Extracted records:
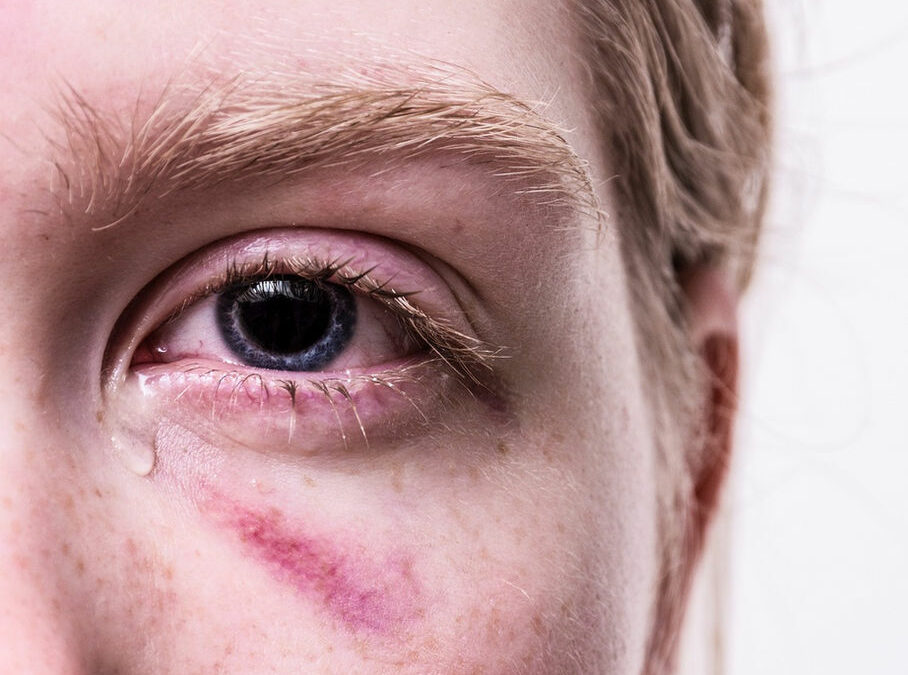 Victime d’agression: qu’est ce que l’ITT au sens pénal?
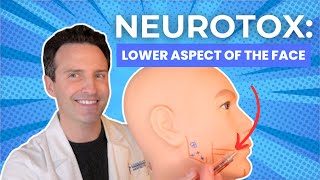 Neurotoxins Lower Aspect of the Face [upl. by Aural]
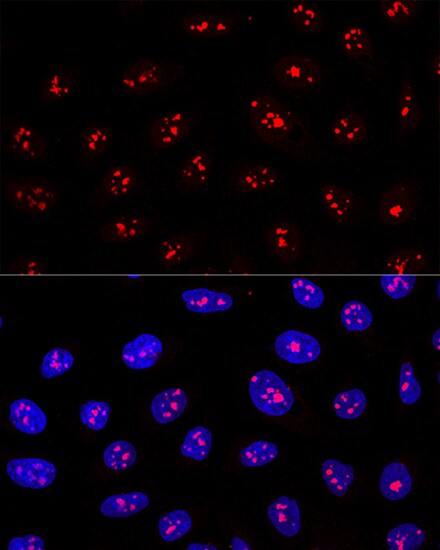 MYBBP1A Antibody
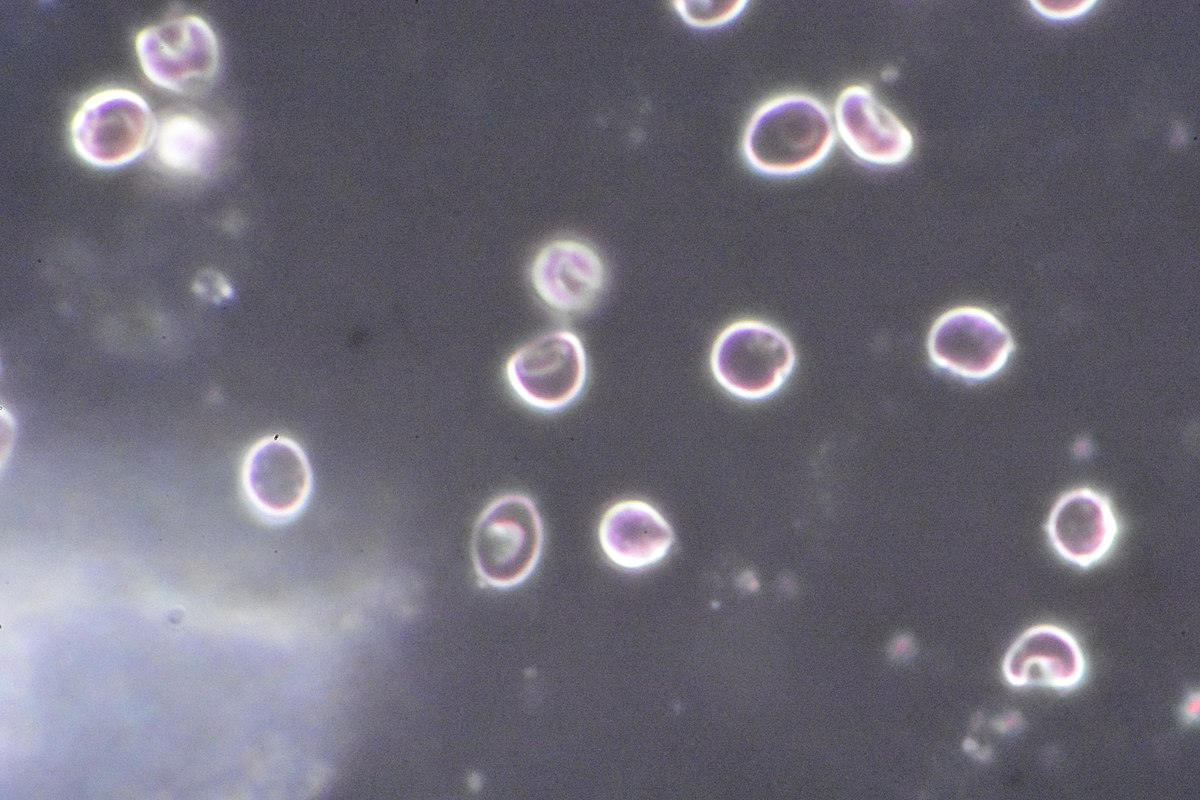 A microscopic test of fluid taken from a lesion in suspected primary syphilis (a bacterial infection usually spread by sexual contact) 

The syphilis organism appears bright against a dark background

What the task requires:
Every line of the material must be repeated exactly; pictures stay out.

Problem solution:
 Victime d’agression: qu’est ce que l’ITT au sens pénal?
 Neurotoxins Lower Aspect of the Face [upl. by Aural]
 MYBBP1A Antibody
 A microscopic test of fluid taken from a lesion in suspected primary syphilis (a bacterial infection usually spread by sexual contact) 

The syphilis organism appears bright against a dark background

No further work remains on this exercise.